**GIVEN INFORMATION:**

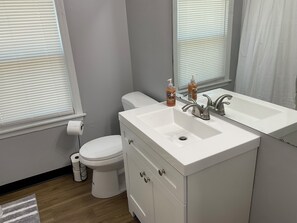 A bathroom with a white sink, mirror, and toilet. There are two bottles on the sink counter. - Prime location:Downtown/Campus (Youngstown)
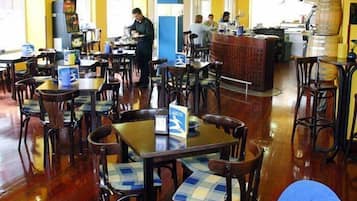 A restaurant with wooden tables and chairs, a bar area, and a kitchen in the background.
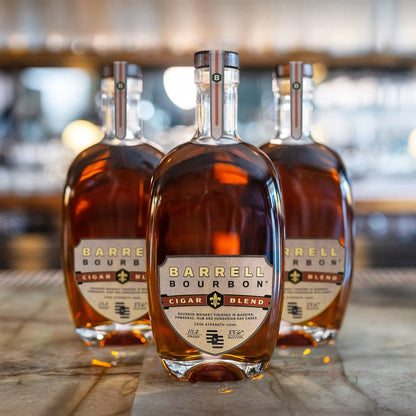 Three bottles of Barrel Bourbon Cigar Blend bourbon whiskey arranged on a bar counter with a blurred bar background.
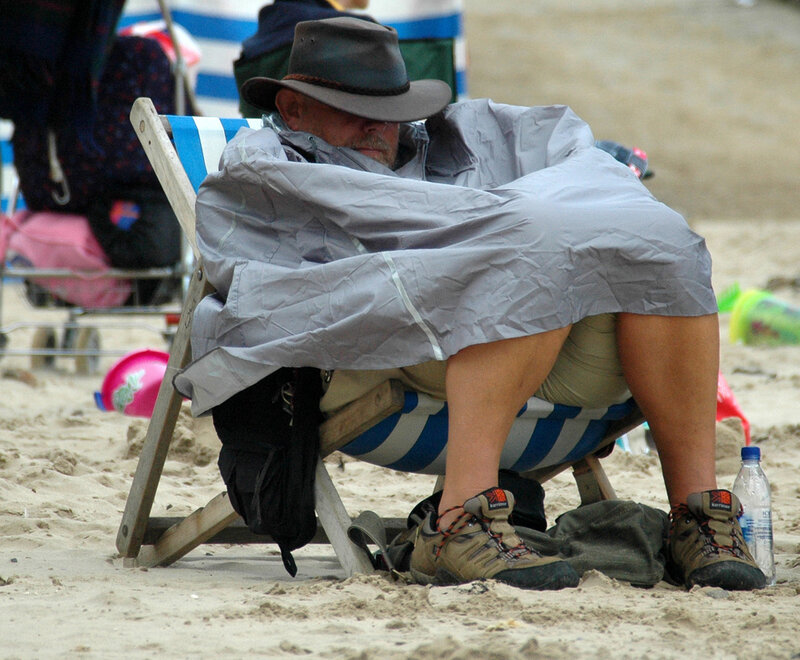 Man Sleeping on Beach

**WHAT IS NEEDED:**
Skipping the images, write out the whole listing exactly.

**ANSWER BELOW:**
 A bathroom with a white sink, mirror, and toilet. There are two bottles on the sink counter. - Prime location:Downtown/Campus (Youngstown)
 A restaurant with wooden tables and chairs, a bar area, and a kitchen in the background.
 Three bottles of Barrel Bourbon Cigar Blend bourbon whiskey arranged on a bar counter with a blurred bar background.
 Man Sleeping on Beach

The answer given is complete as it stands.